(Exercise data Opens)

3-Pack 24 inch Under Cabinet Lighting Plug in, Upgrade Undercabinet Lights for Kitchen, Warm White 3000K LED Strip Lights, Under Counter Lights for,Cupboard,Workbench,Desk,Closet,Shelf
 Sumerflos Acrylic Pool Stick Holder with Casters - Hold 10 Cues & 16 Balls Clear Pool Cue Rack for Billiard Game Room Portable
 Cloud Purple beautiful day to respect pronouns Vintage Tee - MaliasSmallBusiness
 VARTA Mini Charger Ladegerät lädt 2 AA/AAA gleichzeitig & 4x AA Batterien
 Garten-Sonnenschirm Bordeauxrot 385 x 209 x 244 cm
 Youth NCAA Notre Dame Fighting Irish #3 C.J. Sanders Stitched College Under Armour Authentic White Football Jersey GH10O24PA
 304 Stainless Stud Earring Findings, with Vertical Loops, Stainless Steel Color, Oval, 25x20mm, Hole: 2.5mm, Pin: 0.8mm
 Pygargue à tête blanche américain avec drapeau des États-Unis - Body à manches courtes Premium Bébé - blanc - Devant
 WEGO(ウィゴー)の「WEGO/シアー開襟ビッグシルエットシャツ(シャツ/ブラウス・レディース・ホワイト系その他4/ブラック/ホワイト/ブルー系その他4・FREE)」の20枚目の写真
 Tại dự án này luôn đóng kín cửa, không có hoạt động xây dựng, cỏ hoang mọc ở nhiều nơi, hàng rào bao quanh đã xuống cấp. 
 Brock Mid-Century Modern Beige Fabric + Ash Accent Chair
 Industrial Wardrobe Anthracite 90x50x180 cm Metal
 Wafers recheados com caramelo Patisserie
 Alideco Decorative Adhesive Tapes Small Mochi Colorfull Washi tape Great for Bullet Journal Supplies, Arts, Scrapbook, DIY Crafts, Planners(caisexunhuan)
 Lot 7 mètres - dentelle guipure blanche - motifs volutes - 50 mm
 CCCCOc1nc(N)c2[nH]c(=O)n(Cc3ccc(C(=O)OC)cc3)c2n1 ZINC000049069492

(Exercise data Closes)

• **Exercise directions**
Exactly repeat the lines from the line that contains "Wafers recheados com caramelo Patisserie" to the end of the entries, both included, and leave out all other lines.

• **Written solution**
 Wafers recheados com caramelo Patisserie
 Alideco Decorative Adhesive Tapes Small Mochi Colorfull Washi tape Great for Bullet Journal Supplies, Arts, Scrapbook, DIY Crafts, Planners(caisexunhuan)
 Lot 7 mètres - dentelle guipure blanche - motifs volutes - 50 mm
 CCCCOc1nc(N)c2[nH]c(=O)n(Cc3ccc(C(=O)OC)cc3)c2n1 ZINC000049069492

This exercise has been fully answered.